Subsequently, Elders and community leaders repeatedly presented their grievances to the emperor’s representatives in the Tigrai provincial administration,and then took their case to the emperor by traveling to the country’s capital, Addis Ababa, on a horseback in a time when modern public transportation was unavailable.
However, Haileselassie was unwilling to tackle the problem,thus it became evident to Tigraians that the atrocities had the emperor’s blessings with the objective to humiliate and subjugate an ethnic minority.
As a result, the people of Tigrai, with the leadership of patriots launched a popular movement called ‘Weyane’, which means a rebellion / revolution. The volunteer Weyane fighters, armed with only individual rifles and outdated weapons, standing up against an imperial modernized army was like the biblical David vs. Goliath fight.
Nonetheless, as the Tigraians’ was a just fight for freedom, justice and equality, and as the people of Tigrai were entirely behind the Weyane, the emperor’s invading armed forces and militia faced defeat after defeat in small as well as major battles.

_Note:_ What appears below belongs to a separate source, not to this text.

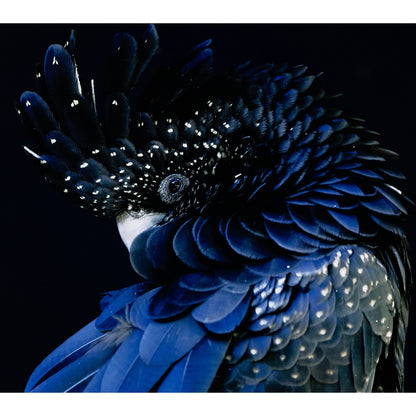 Red-Tailed Black Cockatoo by Getty Images by Four Hands. Made from vertical grain floater white oak, gloss white chromaluxe in a eclectic & global style.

2. Great Britain on the wrong side of history
After facing a humiliating defeat, it became starkly evident to Emperor Haileselassie that he simply couldn’t militarily suppress a popular uprising, hence henotified Great Britain that he was on the verge of defeat, and requested military assistance.
It’s worth noting here that this was in 1943 when, through the League of Nations, a war-weary Europe was doing everything in its power to end a war of intervention in a civil war, thereby promote neutrality unless a given war was sanctioned by the League.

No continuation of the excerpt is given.